Your instructions
The listing below holds a line with "Spring Hill 4000, QLD Apartment Photo" and a later line with "1446464448，圖片 1）。簡介： 。". Write out those two lines and every line between them, exactly, and nothing else.

Records supplied
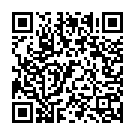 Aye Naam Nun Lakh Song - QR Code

==

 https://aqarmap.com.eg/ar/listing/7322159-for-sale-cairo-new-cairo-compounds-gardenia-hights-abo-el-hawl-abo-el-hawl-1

--

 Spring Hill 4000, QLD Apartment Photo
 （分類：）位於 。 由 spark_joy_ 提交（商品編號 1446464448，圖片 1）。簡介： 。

Answer below
 Spring Hill 4000, QLD Apartment Photo
 （分類：）位於 。 由 spark_joy_ 提交（商品編號 1446464448，圖片 1）。簡介： 。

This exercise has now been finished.